## Problem
Find "bathroom with vanity, an" and "Cut armchair by" in the records below. Copy the lines holding them and every line between, exactly, and no others.

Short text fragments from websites
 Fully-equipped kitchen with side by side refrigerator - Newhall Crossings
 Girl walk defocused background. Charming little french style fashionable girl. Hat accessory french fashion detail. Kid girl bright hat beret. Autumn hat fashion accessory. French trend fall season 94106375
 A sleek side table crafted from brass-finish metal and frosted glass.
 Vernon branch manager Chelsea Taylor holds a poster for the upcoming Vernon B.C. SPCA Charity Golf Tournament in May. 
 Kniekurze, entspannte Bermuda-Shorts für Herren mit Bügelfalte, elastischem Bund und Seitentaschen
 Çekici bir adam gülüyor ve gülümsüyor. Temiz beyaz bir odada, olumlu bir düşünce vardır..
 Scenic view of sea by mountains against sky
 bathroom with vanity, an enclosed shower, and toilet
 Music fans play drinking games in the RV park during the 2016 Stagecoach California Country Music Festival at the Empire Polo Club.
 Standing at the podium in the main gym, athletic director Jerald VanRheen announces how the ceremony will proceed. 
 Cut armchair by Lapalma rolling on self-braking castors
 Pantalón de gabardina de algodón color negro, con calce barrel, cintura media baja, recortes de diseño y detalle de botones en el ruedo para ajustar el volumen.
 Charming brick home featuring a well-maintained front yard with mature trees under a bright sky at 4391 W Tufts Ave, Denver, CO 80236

## Written solution
 bathroom with vanity, an enclosed shower, and toilet
 Music fans play drinking games in the RV park during the 2016 Stagecoach California Country Music Festival at the Empire Polo Club.
 Standing at the podium in the main gym, athletic director Jerald VanRheen announces how the ceremony will proceed. 
 Cut armchair by Lapalma rolling on self-braking castors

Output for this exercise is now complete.